Die Leute von Pegida

Die Leute von Pegida, kann man sich, so deuten heute die Sozialwissenschafter - Norbert Elias nannte diese Berufsgruppe: Menschenwissenschaftler - Heinz Bude und Ernst-Dieter Lantermann (Süddeutsche Zeitung vom 23.12.2014, S. 11; Nr. 295) an,  (vor allem) aus "drei Gruppen mit ausgeprägter Islamophobie" zusammengesetzt vorstellen; gemeinsam sei den drei Gruppen "die Identifizierung mit ihrer deutschen Herkunft ein wesentliches Moment ihres Stolzes". Ich halte fest: Islamophobie und Stolz. Phobische Störungen verursachen unkontrollierbare Angst-Zustände. Die Leute von Pediga, wenn ich das am Bildschirm richtig einschätze, sind aber doch eher aufgebracht, empört oder wütend. In dieser affektiven Verfassung ist eine oder ein an einer phobischen Störung Leidender normalerweise nicht. Er oder sie wird sich auch eher als angeschlagen erleben und einschätzen.
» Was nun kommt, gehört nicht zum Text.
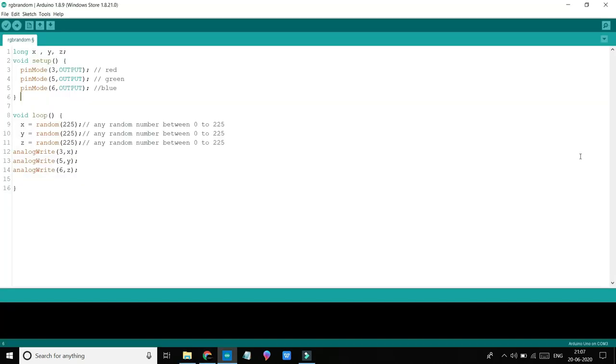So now let's move to programming and understand it. Here is our code, a very simple code. First, I initialized X, Y, and Z as global variables of long type. Now time to see setup. In setup, I initialized pin 3, 5, and 6 as output. In the circuit diagram, we have seen pin 3 is connected to red, pin 5 is connected to green, and pin 6 is connected to blue of RGB LED.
Mit anderen Worten: das Begriffspaar hat eher metaphorische, um den Gegenstand kursierende Bedeutung.

Kommen wir zu den Gruppen. Neun Prozent der Befragten machen, so die Autoren, die Gruppe der verhärtet Selbstgerechten aus. Die zweite Gruppe, die dreizehn Prozent der Gesamtbevölkerung ausmacht, wird von den grundsätzlich Beleidigten, die von Ausschlussempfinden geplagt sind, gebildet. Die dritte Gruppe, dreizehn Prozent der Bevölkerung, werden als zurückgesetzt Empfindende beschrieben. Die drei Gruppen ergeben 35 Prozent. Sie sind 2011 in einer Telefon-Umfrage, die das Hamburger Institut für Sozialforschung finanzierte, eruiert worden. Anlass und Kontext waren: die Rede des damaligen Bundespräsidenten am 3.10.2010 zum 20. Jahrestag der Deutschen Einheit. Machen nun die 35 Prozent der Befragten von 2011 die Leute von Pegida aus - so wie der Titel des Textes nahe legt: "Besorgt, beleidigt und zurückgesetzt. Wer sind die Anhänger von Pediga?" Nein, das kann man nicht sagen. Man kann es vermuten. Dazu müsste man die Leute von Pediga befragen und die Ergebnisse vergleichen. Die Redaktion der Süddeutschen Zeitung suggerierte die Übertragbarkeit.

Besorgt, beleidigt und zurückgesetzt: diese Klassifikation ist eine Beleidigung. Sie ist nicht formuliert worden, um sie den Klassifizierten vorzulegen und mit ihnen in ein Gespräch zu kommen. Mit der  Klassifikation mokieren sich die Wissenschaftler; sie verachten ihre Befragten; sie scheinen kein Verständnis für deren Lebensverhältnisse, Lebensängste und Lebensentwürfe aufzubringen. Sie übersehen den historischen Kontext: die besondere Zerrissenheit der bundesdeutschen Identität, die die alte Zerrissenheit der deutschen Identität fortgesetzt hat und sich in den jüngeren Generationen abzumildern scheint. Norbert Elias und Erik Homburger Erikson haben sie für die letzten Jahrhunderte beschrieben und Hoffnung auf eine Integration gemacht.